The other excitement in his innings came from the blade of his bat as he proceeded, not merely in confidence, but full-blooded audaciousness.
The 26 year-old, playing in his 33rd Test, utilized a brief period of time in getting the measure of the pitch which was no less than a sumptuous batting track. Then when he was certain he need not be alarmed, he unleashed a volley of shots to blaze past Chanderpaul as he raced away to his hundred which was brought up with a lofted straight drive off the spin of Nathan Hauritz (22-0-85-1).
His celebratory efforts were somewhat subdued, signalling that he was hungry for more but it was not to be.
After Bravo used the DRS to his benefit when umpire Benson gave him out lbw with the ball striking him too high, he was bowled by Hauritz who knock over his off stump as he misjudged a delivery and played for more turn than there was.

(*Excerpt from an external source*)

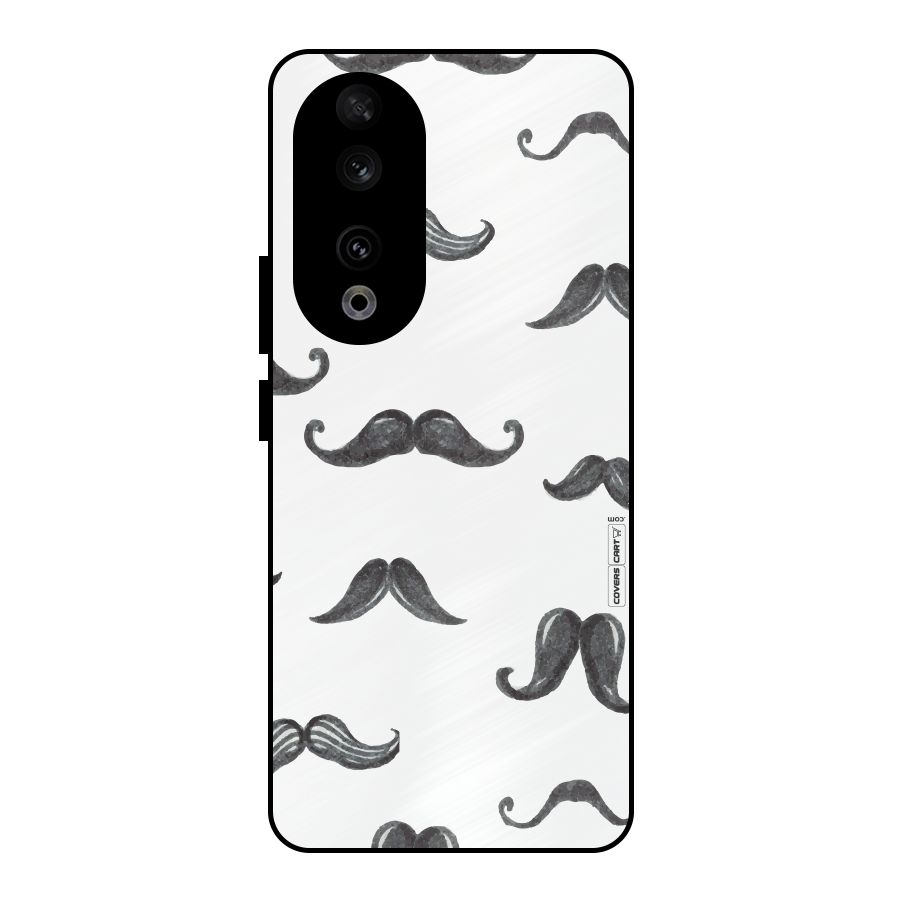 Moustache Pattern (Black) Metal Back Case for Honor 90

Following his departure Darren Sammy – the injured Jerome Taylor’s replacement – entertained with two imperiously hit sixes and five delightful fours – for one he stood tall to Siddle and pulled through mid wicket with rocket-like speed. The stroke left many spectators and more than a few fielders with their jaws floored.
Nash returned to the crease after retiring on 20 and added another 24 by the end of play but not before being peppered with short balls to which he was visibly and surprisingly uncomfortable given that he was bred in Australia where short pitched bowling is never in short supply.
At the start of the day, captain Chris Gayle eagerly chose to bat and came out swinging. He lost Adrian Barath (3) who was sent packing by a Michael Hussey super catch in the gully. Thirteen runs later Gayle (26) suffered a lapse in concentration as he tried to nudge a Doug Bollinger (15-2-42-2) short ball over the slip cordon. He succeeded only in getting a faint edge which was hauled in – one handed – by Haddin.
Ramnaresh Sarwan (28) added 45 with Chanderpaul as he drove with authoritative ease through the covers but made his exit (84 for 3) through a tame drive to Michael Clarke at cover point to give Mitchell Johnson (18-2-69-1) his only wicket.
Apart from running through the top order and the Watson double strike in the 63rd over, it was a mildly frustrating day in the field for the hosts as they chased 39 fours and four sixes.
However with six wickets in the bag on a pitch which will continue to be in favour of the batsmen, they will be pleased with their overall effort and the Windies will be anxious for Sammy and Nash to push them towards (and past) 400 on day two.
Should Sammy continue belting the ball about he may begin to harbour ambitions of a century. More immediately though, he will want to top his Test best of 48 and secure his maiden Test fifty and further the cause of the Windies push for redemption after the Brisbane thumping.